A particular component for the flow coupler includes a flow diverter comprising an inner body having an upper end for connecting to the rotor of a downhole motor and having a lower end for connecting to a bearing pack of the downhole motor. Defined in the inner body are an upper cavity extending into the inner body from the upper end, a lower cavity extending into the inner body from the lower end, an upper aperture communicating with the lower cavity, and a lower aperture communicating with the upper cavity. The inner body further includes a seal bearing surface disposed between the upper and lower apertures. The flow diverter may further comprise a housing having the inner body disposed therein and a seal disposed between the seal bearing surface and an inner surface of the housing. In a particular implementation, the upper aperture and the lower cavity are configured to conduct a flow of drilling fluid pumped through a tubing string, and the upper cavity and the lower aperture are configured to conduct a flow of replenishment lubricant from the rotor to the bearing pack, when the flow diverter is connected into the tubing string with the downhole motor.
Another component for the flow coupler is a flex coupling having a passageway that communicates between the rotor and the flow diverter.
The present invention also provides a downhole motor, comprising: a stator; a rotor disposed in the stator; replenishment lubricant disposed in a reservoir defined within the downhole motor; and a bearing pack connected to the stator, the rotor and the reservoir of replenishment lubricant such that replenishment lubricant moves into the bearing pack from the reservoir as the downhole motor operates.

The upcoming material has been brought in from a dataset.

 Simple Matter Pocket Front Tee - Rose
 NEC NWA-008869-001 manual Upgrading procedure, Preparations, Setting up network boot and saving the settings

The present invention more particularly provides an extended-lubrication downhole motor. This downhole motor comprises a stator configured to connect in a tubing string. It also comprises a rotor disposed in the stator such that the rotor rotates in response to fluid pumped through the stator from the tubing string, the rotor having an axial bore. The downhole motor further comprises lubricant disposed in the axial bore and a piston disposed in the axial bore above the lubricant. A plug having an orifice defined in it is connected to the rotor such that pressure from the pumped fluid communicates through the orifice and acts against the piston. A bearing pack of the downhole motor is connected to a flow coupler of the downhole motor, which flow coupler is also connected to the rotor. The connection of the flow coupler to the rotor and the bearing pack is such that the flow coupler communicates to the bearing pack lubricant pushed out of the rotor in response to movement of the piston toward the lubricant in the rotor in response to pressure from the pumped fluid communicated through the orifice. In a particular implementation, the bearing pack has a longitudinal flow passageway to conduct motive fluid that has flowed along the exterior of the rotor, and the bearing back has a lubricant chamber disposed radially outwardly from the longitudinal flow passageway. In such implementation the flow coupler includes a flow diverter having a body connected to the rotor and the bearing pack. This flow coupler also has a seal disposed on the body. The body has a first channel communicating with the axial bore of the rotor above the seal and with the lubricant chamber of the bearing pack below the seal. The body has a second channel communicating with the exterior of the body above the seal and with the longitudinal flow passageway of the bearing pack below the seal. The flow coupler may further include a flex shaft connected to the rotor and the body of the flow diverter, with the flex shaft having a passage defined through it to provide a lubricant flow path between the axial bore of the rotor and the first channel in the body.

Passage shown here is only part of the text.